Retailers are selling produce at prices far above what they would be paying wholesale. Photo / Richard Robinson

Support for a supermarket code of conduct is growing and the Green Party says there must be an independent watchdog to oversee it.

MP Sue Kedgley sparked a controversy over vegetable and fruit prices on Sunday when she said a survey found supermarkets were marking up produce by up to
500 per cent while growers struggled to survive on the prices they were being paid by the two big chains.

She called for an investigation and suggested a code of conduct for supermarkets.

Since then the Food and Grocery Council, and the supermarkets, have denied markups anywhere near 500 per cent but they have given guarded support to establishing a code similar to one operating in Britain.

Ms Kedgley said today the supermarkets seemed to want a voluntary code.

"The Green Party will not support anything that is merely a public relations exercise to assist them dodging the tough questions on their pricing policies," she said.

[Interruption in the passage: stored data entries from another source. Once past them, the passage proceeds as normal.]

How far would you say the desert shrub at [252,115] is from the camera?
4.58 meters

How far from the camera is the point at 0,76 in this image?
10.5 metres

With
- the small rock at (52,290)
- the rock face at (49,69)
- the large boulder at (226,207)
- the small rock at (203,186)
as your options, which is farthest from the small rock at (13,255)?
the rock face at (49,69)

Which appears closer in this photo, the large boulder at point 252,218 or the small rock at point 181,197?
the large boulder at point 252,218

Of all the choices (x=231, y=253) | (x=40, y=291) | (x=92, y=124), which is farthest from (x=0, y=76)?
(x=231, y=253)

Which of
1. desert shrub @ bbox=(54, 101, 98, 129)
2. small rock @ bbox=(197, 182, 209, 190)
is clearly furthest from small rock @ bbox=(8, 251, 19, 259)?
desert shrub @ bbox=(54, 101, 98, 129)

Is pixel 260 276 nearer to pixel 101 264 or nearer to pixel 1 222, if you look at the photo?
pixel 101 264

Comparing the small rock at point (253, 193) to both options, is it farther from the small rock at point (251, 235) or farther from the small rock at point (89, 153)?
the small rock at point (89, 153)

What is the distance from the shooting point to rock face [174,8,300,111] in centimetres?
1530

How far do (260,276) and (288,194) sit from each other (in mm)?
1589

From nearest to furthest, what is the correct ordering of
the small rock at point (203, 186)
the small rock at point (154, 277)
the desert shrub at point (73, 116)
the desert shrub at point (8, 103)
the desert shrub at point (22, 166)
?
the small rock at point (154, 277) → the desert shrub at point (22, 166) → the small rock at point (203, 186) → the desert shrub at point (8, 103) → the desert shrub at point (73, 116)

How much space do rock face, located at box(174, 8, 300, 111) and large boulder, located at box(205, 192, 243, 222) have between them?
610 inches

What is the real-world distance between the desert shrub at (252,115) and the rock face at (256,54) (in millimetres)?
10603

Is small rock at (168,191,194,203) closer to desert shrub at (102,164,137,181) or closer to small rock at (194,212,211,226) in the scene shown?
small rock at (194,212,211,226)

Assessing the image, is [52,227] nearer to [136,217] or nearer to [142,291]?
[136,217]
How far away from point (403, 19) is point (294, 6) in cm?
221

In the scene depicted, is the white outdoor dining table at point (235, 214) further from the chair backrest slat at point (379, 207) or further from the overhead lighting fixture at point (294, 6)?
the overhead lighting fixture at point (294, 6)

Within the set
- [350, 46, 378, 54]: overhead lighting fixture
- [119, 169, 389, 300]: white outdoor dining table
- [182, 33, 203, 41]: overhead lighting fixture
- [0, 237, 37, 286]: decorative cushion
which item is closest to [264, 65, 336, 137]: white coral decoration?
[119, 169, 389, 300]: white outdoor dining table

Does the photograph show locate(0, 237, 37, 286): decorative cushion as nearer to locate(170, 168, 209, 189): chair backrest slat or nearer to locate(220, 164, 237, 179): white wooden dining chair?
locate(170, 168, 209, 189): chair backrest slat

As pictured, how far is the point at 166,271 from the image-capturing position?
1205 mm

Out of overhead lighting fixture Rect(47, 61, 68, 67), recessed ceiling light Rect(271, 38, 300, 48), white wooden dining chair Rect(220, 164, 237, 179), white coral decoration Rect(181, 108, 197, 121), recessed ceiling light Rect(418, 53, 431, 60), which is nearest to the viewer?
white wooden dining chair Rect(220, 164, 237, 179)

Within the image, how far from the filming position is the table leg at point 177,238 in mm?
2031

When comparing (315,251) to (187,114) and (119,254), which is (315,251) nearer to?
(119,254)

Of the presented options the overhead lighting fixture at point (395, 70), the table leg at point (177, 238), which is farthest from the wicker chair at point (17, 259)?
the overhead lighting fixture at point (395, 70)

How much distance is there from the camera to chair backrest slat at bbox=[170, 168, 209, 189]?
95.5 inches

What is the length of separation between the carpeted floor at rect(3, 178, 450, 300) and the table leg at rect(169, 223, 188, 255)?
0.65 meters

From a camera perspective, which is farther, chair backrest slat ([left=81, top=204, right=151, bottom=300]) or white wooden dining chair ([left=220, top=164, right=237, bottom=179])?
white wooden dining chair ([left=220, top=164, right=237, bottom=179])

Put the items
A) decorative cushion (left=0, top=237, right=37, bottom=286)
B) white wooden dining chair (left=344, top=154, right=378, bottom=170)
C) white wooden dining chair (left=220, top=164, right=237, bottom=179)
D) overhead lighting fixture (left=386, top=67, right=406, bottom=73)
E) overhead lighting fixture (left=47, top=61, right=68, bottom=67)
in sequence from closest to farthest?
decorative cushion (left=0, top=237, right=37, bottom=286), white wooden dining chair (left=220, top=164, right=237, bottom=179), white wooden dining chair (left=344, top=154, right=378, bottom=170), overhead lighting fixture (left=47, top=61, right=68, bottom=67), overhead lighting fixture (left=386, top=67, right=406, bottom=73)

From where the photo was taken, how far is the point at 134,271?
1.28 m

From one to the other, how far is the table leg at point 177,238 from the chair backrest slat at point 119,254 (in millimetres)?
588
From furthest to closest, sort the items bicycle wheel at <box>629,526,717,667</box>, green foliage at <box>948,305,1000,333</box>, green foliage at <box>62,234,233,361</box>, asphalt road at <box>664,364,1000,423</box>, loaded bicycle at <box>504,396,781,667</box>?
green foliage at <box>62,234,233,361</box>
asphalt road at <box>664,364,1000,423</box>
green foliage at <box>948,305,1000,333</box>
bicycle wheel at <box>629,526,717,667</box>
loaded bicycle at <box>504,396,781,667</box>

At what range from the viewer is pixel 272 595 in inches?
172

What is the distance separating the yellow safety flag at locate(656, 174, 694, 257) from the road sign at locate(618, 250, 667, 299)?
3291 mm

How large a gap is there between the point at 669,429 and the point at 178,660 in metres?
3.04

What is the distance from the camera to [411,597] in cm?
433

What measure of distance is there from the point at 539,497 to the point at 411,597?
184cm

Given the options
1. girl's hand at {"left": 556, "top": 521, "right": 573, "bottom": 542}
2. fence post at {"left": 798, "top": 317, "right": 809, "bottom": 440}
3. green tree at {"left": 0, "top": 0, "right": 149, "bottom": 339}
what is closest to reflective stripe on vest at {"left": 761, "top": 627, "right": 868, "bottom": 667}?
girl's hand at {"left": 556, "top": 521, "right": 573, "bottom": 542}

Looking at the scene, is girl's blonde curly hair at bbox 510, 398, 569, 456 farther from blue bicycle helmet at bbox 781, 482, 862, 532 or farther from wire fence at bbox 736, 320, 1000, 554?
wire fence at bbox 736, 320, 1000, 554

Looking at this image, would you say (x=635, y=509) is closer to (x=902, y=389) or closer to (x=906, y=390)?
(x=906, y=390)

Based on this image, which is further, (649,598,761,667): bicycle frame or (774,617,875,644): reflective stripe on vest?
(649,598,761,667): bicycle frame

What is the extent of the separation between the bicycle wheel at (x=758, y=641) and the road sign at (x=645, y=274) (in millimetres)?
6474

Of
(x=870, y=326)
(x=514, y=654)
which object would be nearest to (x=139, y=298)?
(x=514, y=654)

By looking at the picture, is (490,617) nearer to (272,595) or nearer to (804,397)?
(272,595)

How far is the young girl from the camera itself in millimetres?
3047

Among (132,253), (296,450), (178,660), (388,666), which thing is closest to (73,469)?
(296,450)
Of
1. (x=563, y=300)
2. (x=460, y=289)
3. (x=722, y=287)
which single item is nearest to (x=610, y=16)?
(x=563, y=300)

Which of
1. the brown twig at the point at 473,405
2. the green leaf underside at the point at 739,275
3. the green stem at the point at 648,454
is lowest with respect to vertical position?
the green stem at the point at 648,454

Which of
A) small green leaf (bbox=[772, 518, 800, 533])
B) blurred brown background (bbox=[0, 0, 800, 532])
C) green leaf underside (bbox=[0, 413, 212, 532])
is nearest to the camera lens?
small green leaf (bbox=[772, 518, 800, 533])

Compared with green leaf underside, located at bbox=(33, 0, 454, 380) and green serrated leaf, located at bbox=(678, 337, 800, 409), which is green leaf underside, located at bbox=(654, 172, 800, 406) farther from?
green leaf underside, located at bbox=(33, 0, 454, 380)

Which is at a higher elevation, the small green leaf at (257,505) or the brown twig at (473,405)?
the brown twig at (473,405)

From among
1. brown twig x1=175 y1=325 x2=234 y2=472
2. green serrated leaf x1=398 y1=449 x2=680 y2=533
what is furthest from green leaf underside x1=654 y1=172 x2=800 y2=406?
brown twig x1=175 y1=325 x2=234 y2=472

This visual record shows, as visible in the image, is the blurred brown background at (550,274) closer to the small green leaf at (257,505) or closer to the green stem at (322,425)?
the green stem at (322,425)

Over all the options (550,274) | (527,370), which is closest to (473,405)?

"For the sake of New Zealand's fruit and vegetable growers it is essential that any supermarket code of conduct is negotiated with growers and Horticulture NZ, and is backed up by an independent arbitrator."

Ms Kedgley said Britain initially had a weak voluntary code which proved ineffective.

"A strengthened supermarket code has since been set up and the position of an independent supermarket ombudsman has got the go ahead," she said.

Food and Grocery Council chief executive Katherine Rich, whose organisation is in the middle between the growers and the supermarkets, says consumers aren't being ripped off and 500 per cent markups don't happen.

"There are lots of costs that are incurred throughout the supply chain," she said yesterday.

"A lot of goods get thrown away."

Growers want an investigation and say they aren't being paid more for vegetables and fruit than they were five years.

"As a general rule retail prices are between 100 per cent and 200 per cent higher than the wholesale price, but sometimes it can be much higher than that," said Horticulture NZ chief executive Peter Silcock.